Originally posted by Muaddib
A lot of people say that mankind have accelerated the process, and for a while I thought that was a possibility, but if you look back to the 1800s and 1900s, and even centuries before that mankind was pumping more carbon dioxide and other free radicals than we are doing now.
Originally posted by Muaddib
Anyways, the Gulf stream has been known to have slow down and stopped in the past, it will happen again, and it is happening as we speak.
There is certainly an off chance that human activity doesn't effect the climate at all, but the odds are that we do.
Originally posted by grover
The Gulf Stream while actually quite stable has cooled and slowed in the past.
Every time it has happened though, it has happened in conjucture with a rapid increase in cold fresh water (fresh water being heavier, it sinks and cools the deep currents that make up the gulf stream) being poured into the north Atlantic by melting glaicers and the result has been a climatic disaster.
Originally posted by soficrow
Really, do you have anything current? ...Actual measurements I mean.
Innovative Research Proves Gulf Stream Slowed During Last Ice Age
By Kurt Sternlof
Scientists have long speculated that the Gulf Stream slows during glacial periods. An important component of the global oceanic "conveyor," the Gulf Stream carries tropical warmth up the eastern seaboard of the United States to the North Atlantic and Europe. Without its warming influence, a summer swim off the coast of Long Island would resemble a dip from an iceberg, and the perennial winter rains of London would likely all be snow.

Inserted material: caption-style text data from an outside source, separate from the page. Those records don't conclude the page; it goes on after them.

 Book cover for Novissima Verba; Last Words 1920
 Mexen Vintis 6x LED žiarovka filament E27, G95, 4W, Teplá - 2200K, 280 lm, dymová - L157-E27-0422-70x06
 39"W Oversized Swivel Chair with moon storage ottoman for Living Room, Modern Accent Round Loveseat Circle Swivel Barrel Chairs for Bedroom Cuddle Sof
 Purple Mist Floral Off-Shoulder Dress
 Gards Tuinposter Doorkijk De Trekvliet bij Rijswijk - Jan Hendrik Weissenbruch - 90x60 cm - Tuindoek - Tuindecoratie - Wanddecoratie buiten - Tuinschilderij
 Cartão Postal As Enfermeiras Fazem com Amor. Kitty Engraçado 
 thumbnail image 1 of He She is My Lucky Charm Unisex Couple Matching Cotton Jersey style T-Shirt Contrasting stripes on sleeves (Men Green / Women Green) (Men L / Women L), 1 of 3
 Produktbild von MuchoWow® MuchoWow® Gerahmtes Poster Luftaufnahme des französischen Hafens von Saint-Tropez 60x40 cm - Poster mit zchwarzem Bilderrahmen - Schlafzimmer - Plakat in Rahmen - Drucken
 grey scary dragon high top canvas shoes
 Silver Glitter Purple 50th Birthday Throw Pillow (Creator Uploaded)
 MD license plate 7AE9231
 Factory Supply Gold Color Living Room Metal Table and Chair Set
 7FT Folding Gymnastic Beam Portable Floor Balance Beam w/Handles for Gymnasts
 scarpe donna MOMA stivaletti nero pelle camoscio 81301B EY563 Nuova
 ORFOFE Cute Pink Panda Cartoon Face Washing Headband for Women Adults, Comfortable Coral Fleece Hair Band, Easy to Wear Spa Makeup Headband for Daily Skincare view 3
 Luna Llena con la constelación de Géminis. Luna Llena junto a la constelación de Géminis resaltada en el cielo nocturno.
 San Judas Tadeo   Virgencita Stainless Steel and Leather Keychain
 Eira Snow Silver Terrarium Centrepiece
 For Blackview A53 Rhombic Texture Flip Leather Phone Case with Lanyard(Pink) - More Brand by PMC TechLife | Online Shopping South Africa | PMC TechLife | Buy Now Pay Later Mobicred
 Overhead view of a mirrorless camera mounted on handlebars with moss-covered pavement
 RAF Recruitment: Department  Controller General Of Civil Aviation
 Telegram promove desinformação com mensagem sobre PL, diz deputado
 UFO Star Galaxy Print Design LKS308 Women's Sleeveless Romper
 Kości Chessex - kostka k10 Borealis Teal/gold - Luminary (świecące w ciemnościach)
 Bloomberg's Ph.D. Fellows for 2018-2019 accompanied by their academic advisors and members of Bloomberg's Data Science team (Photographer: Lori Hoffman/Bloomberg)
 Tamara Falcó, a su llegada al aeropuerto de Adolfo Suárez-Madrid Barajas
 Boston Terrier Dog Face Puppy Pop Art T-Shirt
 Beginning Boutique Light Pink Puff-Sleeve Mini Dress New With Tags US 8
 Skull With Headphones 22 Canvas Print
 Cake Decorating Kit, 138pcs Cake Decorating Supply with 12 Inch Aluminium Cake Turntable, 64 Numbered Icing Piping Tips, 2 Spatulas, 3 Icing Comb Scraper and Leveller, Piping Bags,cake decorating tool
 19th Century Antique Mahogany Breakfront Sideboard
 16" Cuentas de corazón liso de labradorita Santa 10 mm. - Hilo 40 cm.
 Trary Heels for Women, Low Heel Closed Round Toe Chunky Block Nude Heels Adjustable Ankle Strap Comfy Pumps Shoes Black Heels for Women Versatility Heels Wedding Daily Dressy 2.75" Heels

This conveyor also moderates global climate. So while the notion of a diminished ice-age Gulf Stream makes sense, it has never been independently demonstrated—until now.
Lamont-Doherty Earth Observatory geochemist Jean Lynch-Stieglitz has found evidence that the Gulf Stream—which originates in the Gulf of Mexico and wraps around Florida to head northward—ran at about two-thirds of its present speed during the height of the last ice age. This in turn suggests that the entire oceanic conveyor also slowed, and so moved less heat into the icy upper latitudes.
In order to make this discovery, which was published in the Dec. 9 issue of Nature, Lynch-Stieglitz and her colleagues combined two established techniques of modern oceanography, one geochemical the other physical, in reconstructing the Gulf Stream as it flowed through the Straits of Florida more than 10,000 years ago.
In trying to work out the complex relationship between patterns of ocean circulation and climate, it is extremely important to understand what happens during glacial periods—whether the conveyor slows, shuts down or even changes configuration. While other research has shown that the formation of deep water in the North Atlantic all but stopped during the last ice age, the question remained of whether the entire conveyor stopped or simply became shallower.
"Jean's work suggests that conveyor circulation virtually stopped during the last glacial maximum," Broecker said.